## Your task
Copy exactly the lines of the data below, beginning with the line with "1305 Gatherings Drive, Haledon, NJ 07508" and ending with the line with "Volkswagen Tiguan (2026) thumbnail 5". Pictures are to be omitted.

── Provided records

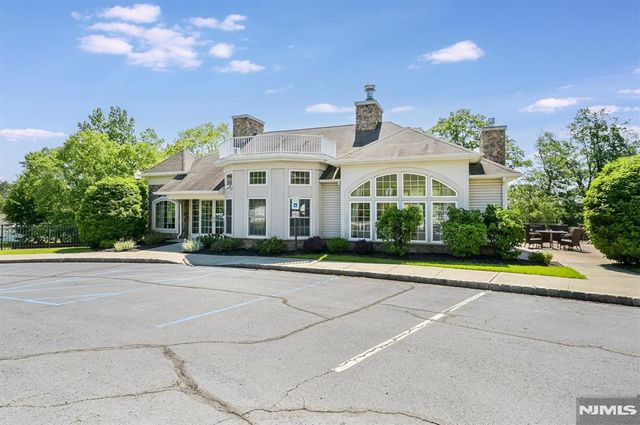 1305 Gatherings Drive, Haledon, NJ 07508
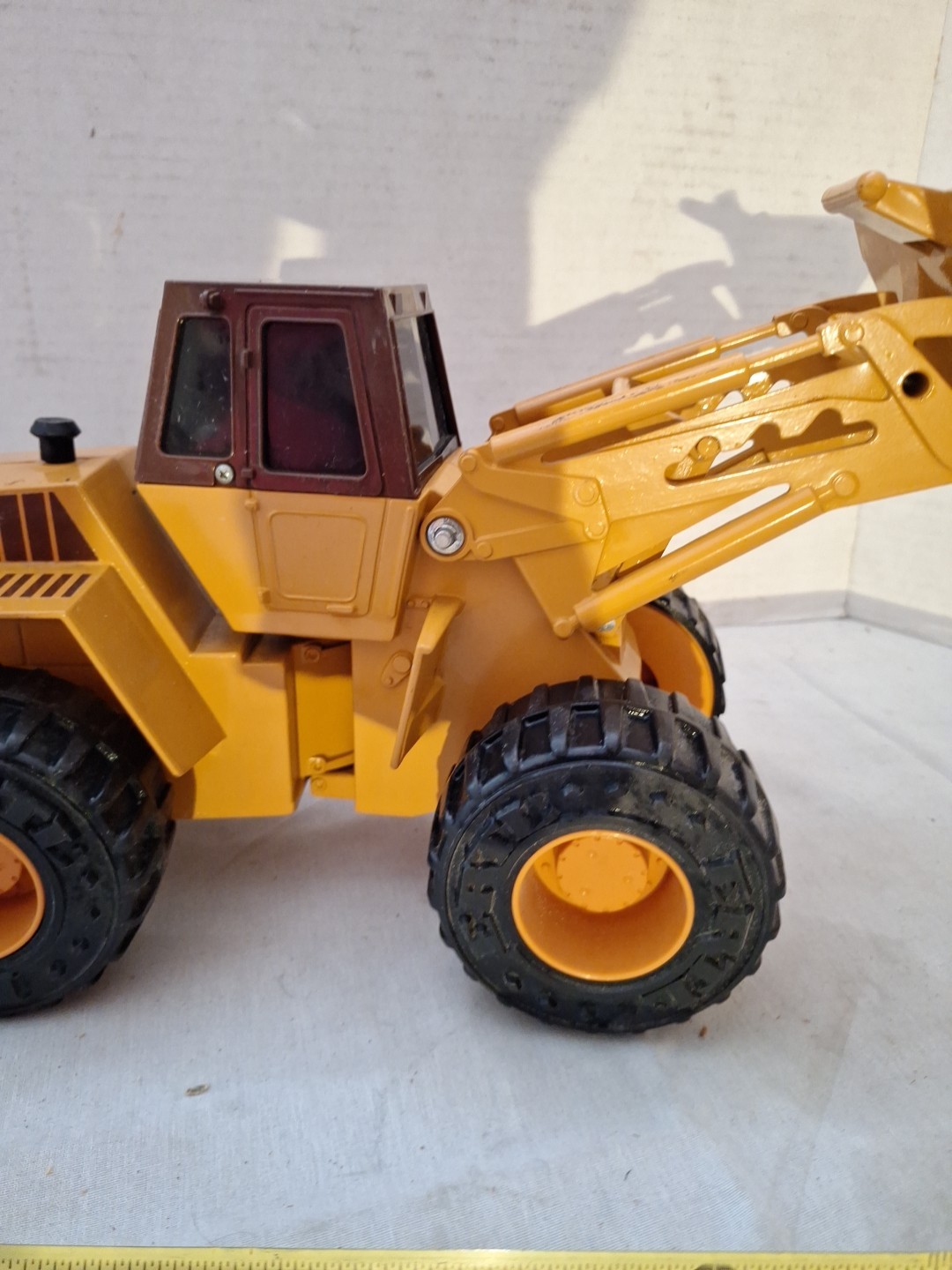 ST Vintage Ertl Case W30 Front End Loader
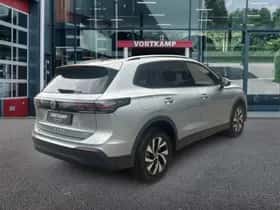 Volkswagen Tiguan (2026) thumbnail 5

────
── Provided records

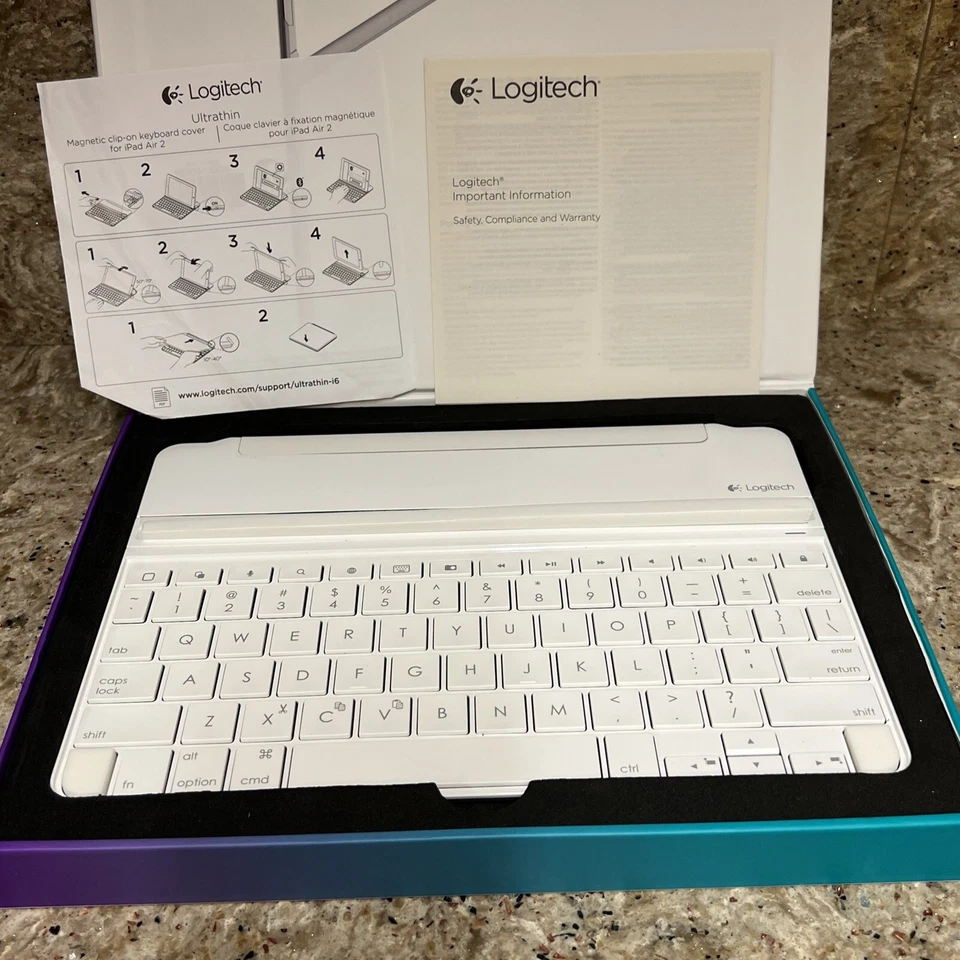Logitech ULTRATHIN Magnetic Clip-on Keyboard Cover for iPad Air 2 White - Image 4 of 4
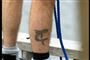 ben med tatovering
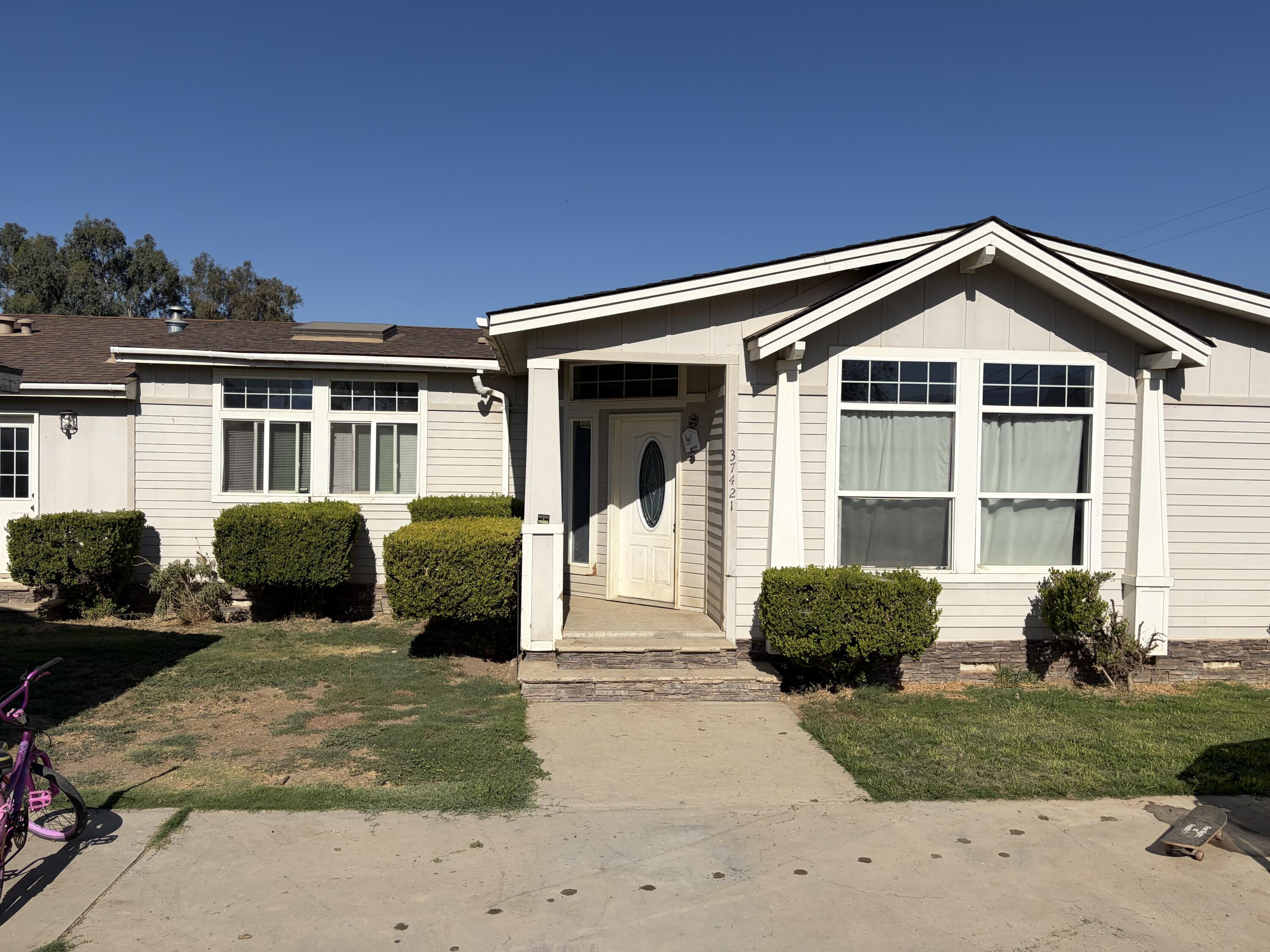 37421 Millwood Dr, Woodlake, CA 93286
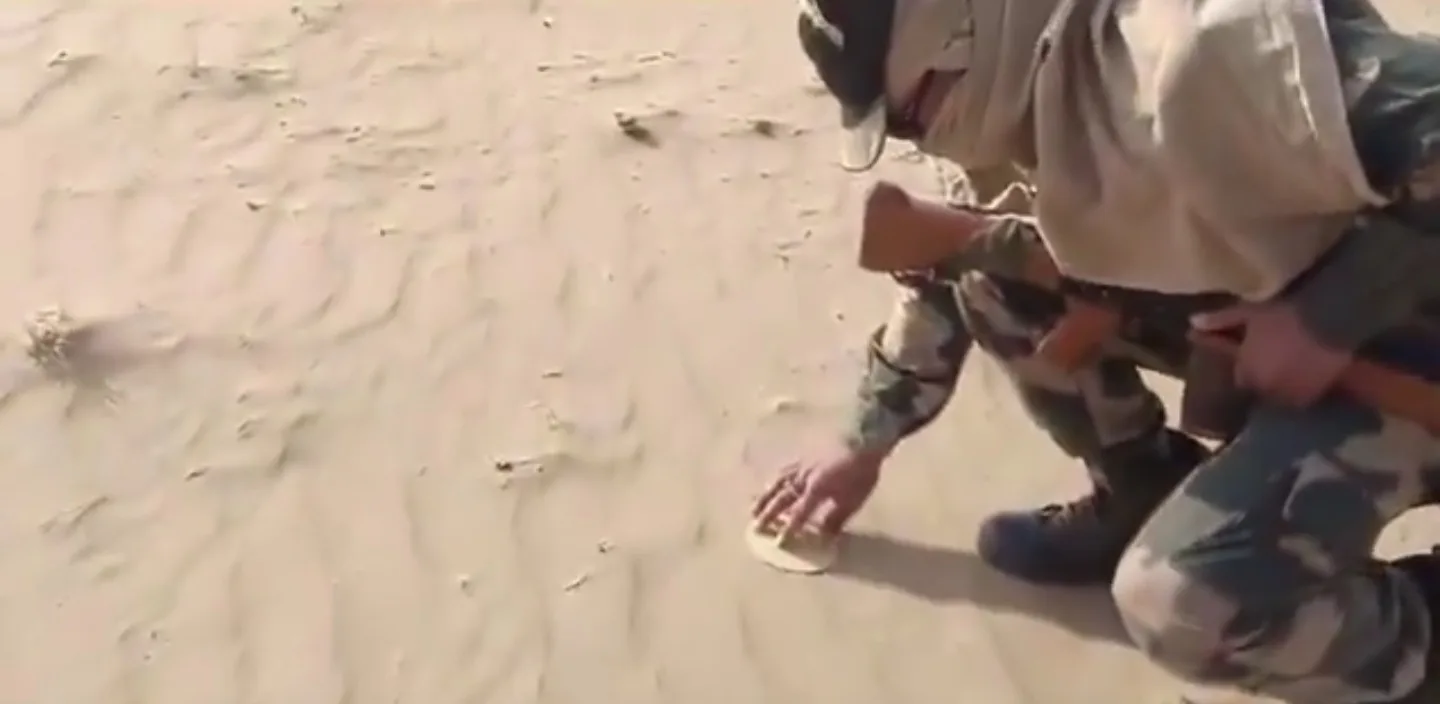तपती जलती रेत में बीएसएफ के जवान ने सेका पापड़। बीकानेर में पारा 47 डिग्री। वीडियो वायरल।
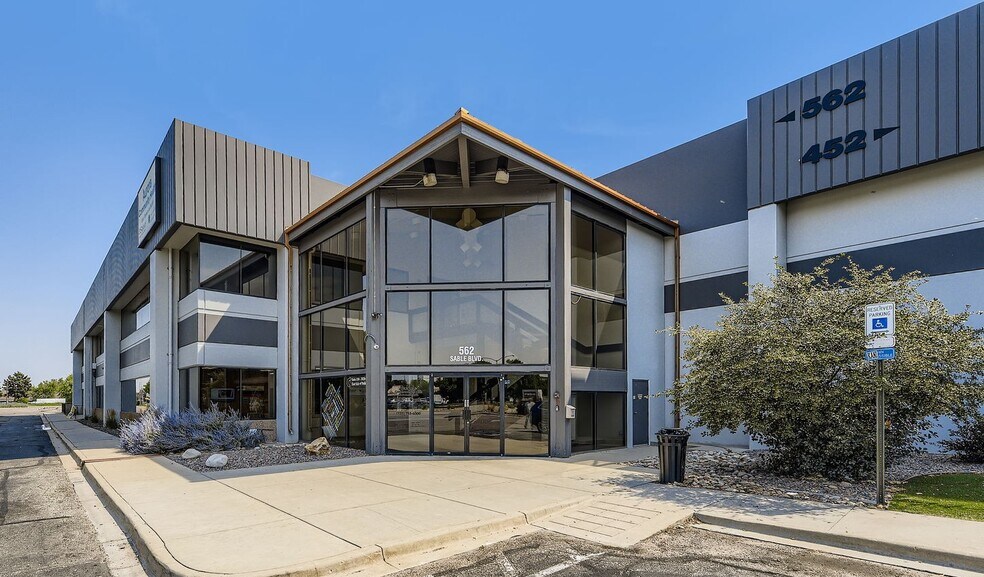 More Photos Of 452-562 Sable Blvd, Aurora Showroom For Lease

────
── Provided records

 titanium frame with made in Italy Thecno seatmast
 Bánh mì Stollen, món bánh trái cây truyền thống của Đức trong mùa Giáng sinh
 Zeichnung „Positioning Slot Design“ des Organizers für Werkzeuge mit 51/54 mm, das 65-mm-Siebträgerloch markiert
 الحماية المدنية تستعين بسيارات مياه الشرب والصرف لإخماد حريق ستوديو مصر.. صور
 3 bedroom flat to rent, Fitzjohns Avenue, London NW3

────

## Finished task
 1305 Gatherings Drive, Haledon, NJ 07508
 ST Vintage Ertl Case W30 Front End Loader
 Volkswagen Tiguan (2026) thumbnail 5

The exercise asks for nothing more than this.